A group of students and the closest associates of Kumar went to the Police station.  However, they were met with the obstinacy of a police officer who told them that there was already a complaint against Kumar over his alleged involvements with LTTE.

Despite the large, motivated and noisy numbers, the students were dumbfounded.  They had no answer.  Ragging is a menace, but many Southerners would say without batting an eyelid that the LTTE was a bigger menace.

Kamal thought about Kumar’s Amma and Appa.  He could remember how they treated him with generosity and kindness when he was in Jaffna.  He vividly remembered how Kumar’s mother brought him his bed tea every morning when he stayed with them.  However, all that kindness seemed to have vanished with Kumar because his mother reacted violently when he told her about Kumar’s mysterious disappearance.

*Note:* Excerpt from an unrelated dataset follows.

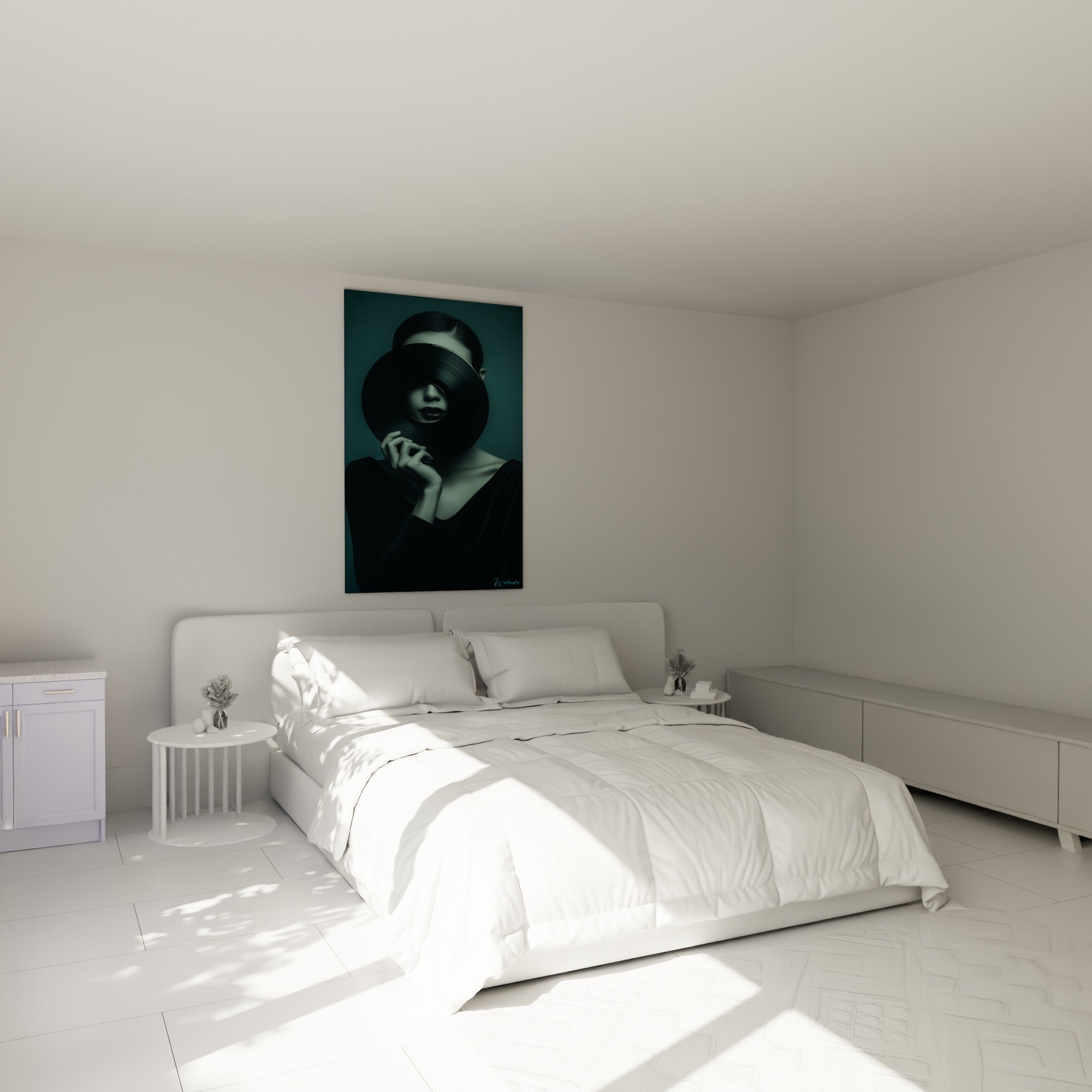 Portrait au disque vinyle noir et bleu pétrole accroché au-dessus d'un lit dans une chambre claire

“To my boy, this thing happened because of you.  I told him not to be with you, Sinhalese.”

She was in tragic pain.  Kamal was helpless.

Kamal walked along the deserted roads of the university.  To him the whole campus looked like a graveyard.  Everyone seemed shocked by what happened.  Students were whispering in every comer.  Kumar’s ex-girlfriend Nimali was crying.  Kumar broke up with Nimali because her parents were strictly against their affair.  Nimali was hurt and went into depression and Kumar was very concerned about her during this period.

“Can he be an LTTE supporter?  No I don’t think so.  Whatever his background is, he loved humanity,” Kamal spoke to himself.

Suddenly, he received a call.  Kumar had arrived, a sarcastic voice told him.  Kamal did not know who the caller was.  The caller hung up rudely.  There was some commotion all around him. Students were running somewhere.  Lecturers looked concerned.  The admin staff joined the students.  Kamal joined them as everyone rushed like a river towards the university entrance.

When he got to the entrance there was a sea of people there.  Even the vehicles have stooped, creating a traffic block.  Kamal with the greatest difficulty cut through the crowd and reached the center.  Kumar was lying on the road, with a peaceful expression on his face … dead.